ERIC Number: ED201054
Record Type: RIE
Publication Date: 1980-Dec
Reference Count: 0
The Foundations of Student Suspension.
No nationally representative study of student suspensions has yet explored why, instead of which, students are suspended and whether suspensions may result from school characteristics as well as student behavior. Using stepwise regression, this study analyzed national data on students' suspensions, misbehavior, antisocial attitudes, perceptions of teacher interest, race, and Grade Point Average; teachers' race and perceptions of student problem-solving capacity and proportion of low-ability students; and the schools' proportion of white students, fairness and consistency in student governance, and degree of adherence to administrative rules or teacher discretion in handling discipline. Data came from questionnaire responses from 31,373 students, 641 principals, and 23,895 teachers in a stratified random sample of 641 public secondary schools drawn from the 1976 National Institute of Education (NIE) national Safe School Study. The results showed that suspension does have a basis in student attitudes and behavior but is more strongly affected by school factors. School characteristics were more likely to lead to suspensions where (1) teachers believed that students could not solve problems, (2) students perceived teachers as uninterested in them, (3) schools handled discipline largely by administrative rules, (4) school governance of students was inconsistent or unfair, and (5) school personnel had relatively high degrees of academic and racial bias. (Project Director/RW)

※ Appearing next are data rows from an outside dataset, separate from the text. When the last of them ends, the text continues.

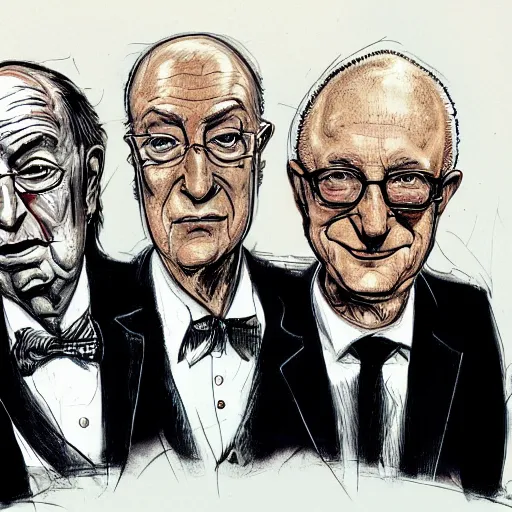 Image similar to Jacob Rothschild and george soros and bill gates and Klaus Schwab by Ralph Steadman, dollar bills, body horror, evil, scribbles biopunk, 8k , trending on artstation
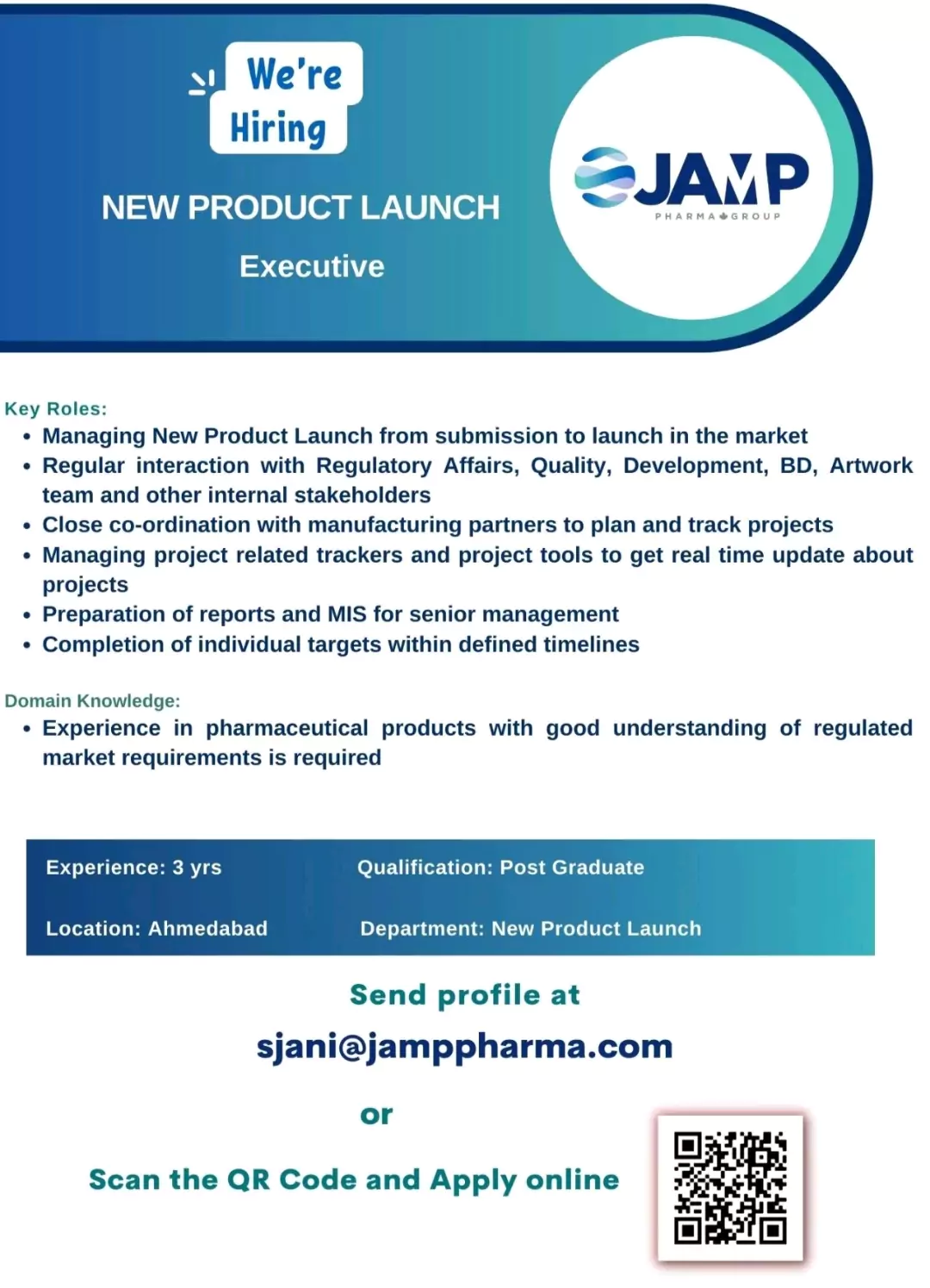 Jamp pharmaceuticals Hiring for Executive position @ Ahmedabad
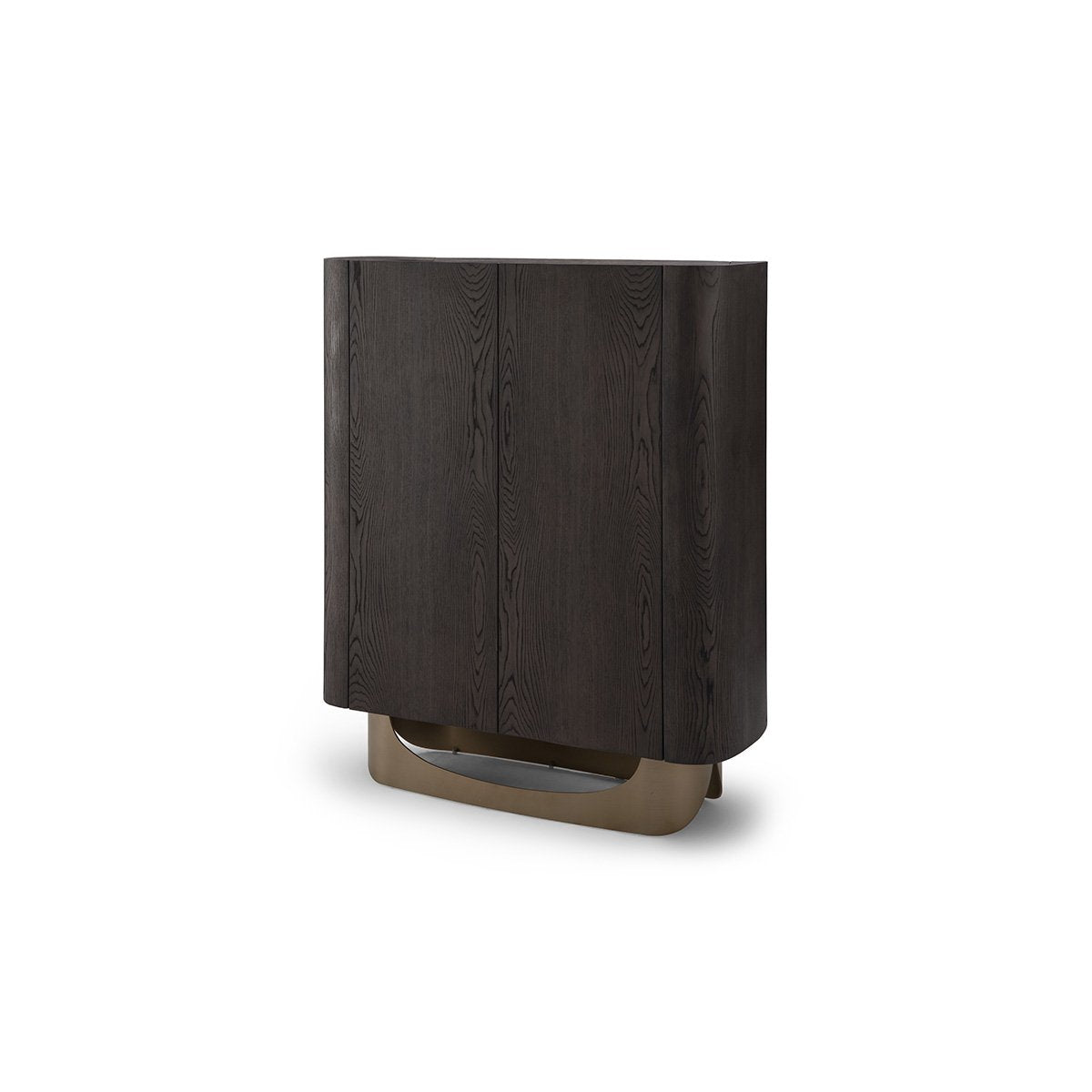 Maison Debrah Lazuli dark grey elm bar cabinet with ceramic top on brass legs
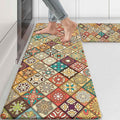 Boho Kitchen Rug Mats for Floor Cushioned Anti Fatigue Mexican Colorful Ceramic Tile Kitchen Rugs Sets of 2 Non Slip Waterproof Comfort Memory Foam Standing Floor Mat for Laundry Sink Desk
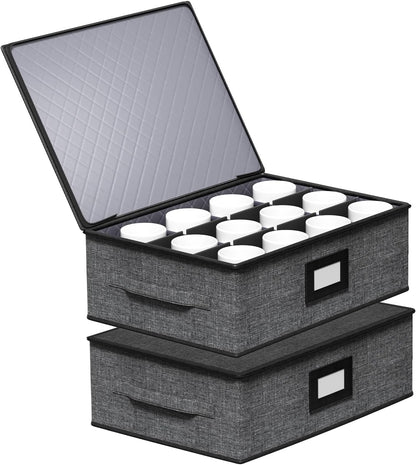 Aokeyee 2-Pack Silverware Storage Box, Sturdy Flatware Organizer with 5 Compartments & Adjustable Dividers, Utensil Case with Clear Lid & Handle for Knives, Forks & Spoons, Gray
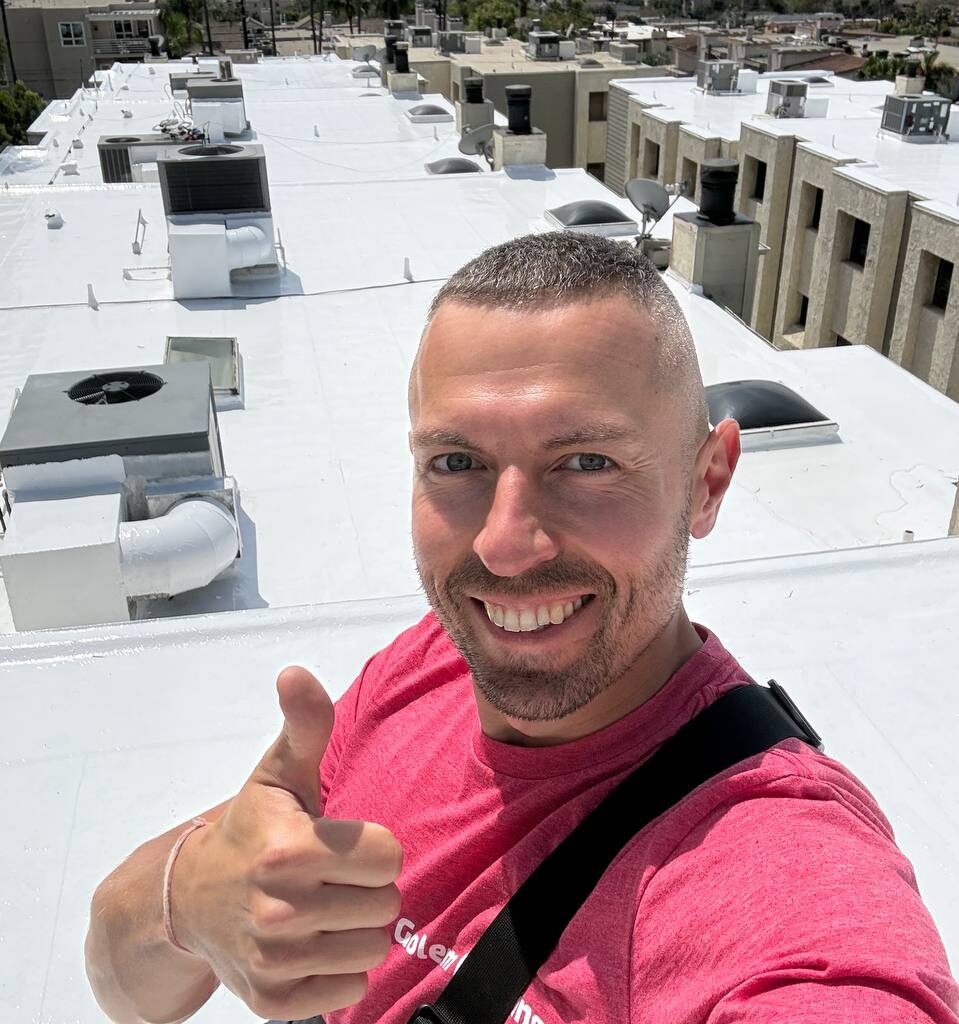 Finished reflective silicone roof restoration on the Signal Hill HOA property.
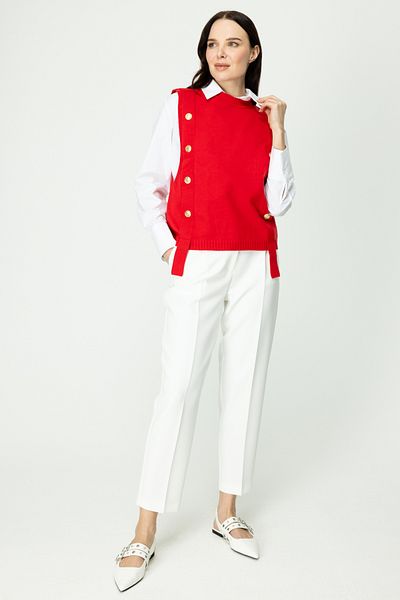 ON Sweater with Side Stripe and Button Detail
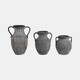 20493-03#15" Weathered Jug With Handles, Black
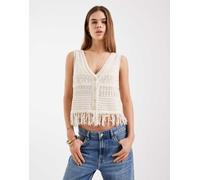 Only - Gilet in maglia all'uncinetto color crema con frange-Bianco 36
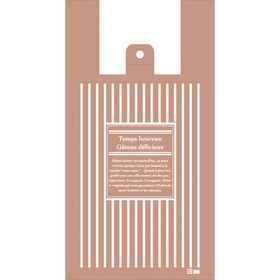 レジ袋 M ストライプ ベージュ【PB】 100枚 Y012253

Descriptors: Academic Ability, Academic Aptitude, Antisocial Behavior, Centralization, Discipline Policy, Discipline Problems, National Surveys, Power Structure, Public Schools, Racial Bias, Racial Composition, Racial Discrimination, School Organization, Secondary Education, Student Attitudes, Student Behavior, Student School Relationship, Student Teacher Relationship, Suspension, Teacher Attitudes
Publication Type: Reports - Research
Education Level: N/A
Sponsor: National Inst. of Education (DHEW), Washington, DC.
Authoring Institution: Hawaii Univ., Manoa.